This is an overview of some of Zebra's most important features:
Very large databases: logical files can be automatically partitioned over multiple disks.
Arbitrarily complex records. The internal data format is a structured format conceptually similar to XML or GRS-1, which allows lists, nested structured data elements and variant forms of data.
Robust updating - records can be added and deleted ``on the fly'' without rebuilding the index from scratch. Records can be safely updated even while users are accessing the server. The update procedure is tolerant to crashes or hard interrupts during database updating - data can be reconstructed following a crash.
Configurable to understand many input formats. A system of input filters driven by regular expressions allows most ASCII-based data formats to be easily processed. SGML, XML, ISO2709 (MARC), and raw text are also supported.
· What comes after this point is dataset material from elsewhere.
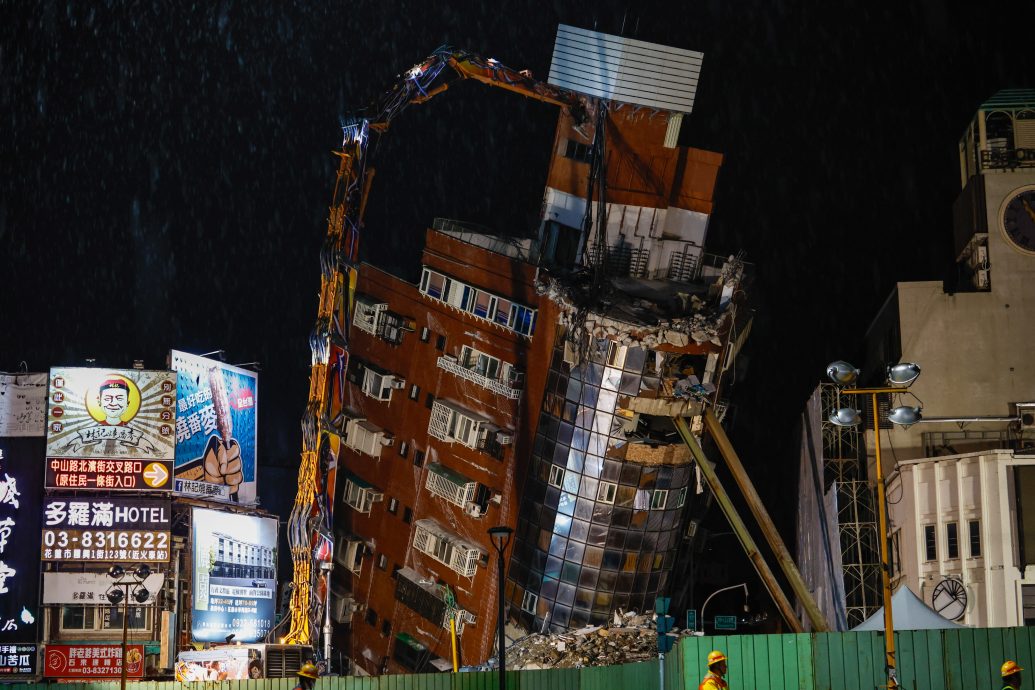 花莲强震后74小时余震600次 天王星大楼更倾斜暂援拆除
Searching supports a powerful combination of boolean queries as well as relevance-ranking (free-text) queries. Truncation, masking, full regular expression matching and "approximate matching" (eg. spelling mistakes) are all handled.
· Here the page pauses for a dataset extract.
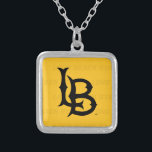Collar Plateado Marca de agua estatal de Long Beach<br><div class="desc">Mira estos diseños de Long Beach de la Universidad Estatal de California. Muestra tu Orgullo Estatal de California con estos nuevos productos de la Universidad. Estos son los regalos perfectos para el estudiante, alumno, familia, amigo o fan de Long Beach en su vida. Todos estos productos de Zazzle están en...</div>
Index-only databases: data can be, and usually is, imported into Zebra's own storage, but Zebra can also refer to external files, building and maintaining indexes of "live" collections.
Zebra is written in portable C, so it runs on most Unix-like systems
as well as Windows (NT/2000/2003). A binary distribution for Windows
is available at
http://ftp.indexdata.com/pub/zebra/win32/,
and pre-built packages are available for
GNU/Debian Linux
at
http://ftp.indexdata.com/pub/zebra/debian/.
Z39.50 protocol support:
Protocol facilities: Init, Search, Present (retrieval), Segmentation (support for very large records), Delete, Scan (index browsing), Sort, Close and support for the ``update'' Extended Service to add or replace an existing XML record.
Piggy-backed presents are honored in the search request - that is, a subset of the found records can be returned directly with a search response, enabling search and retrieval to happen in a single round-trip.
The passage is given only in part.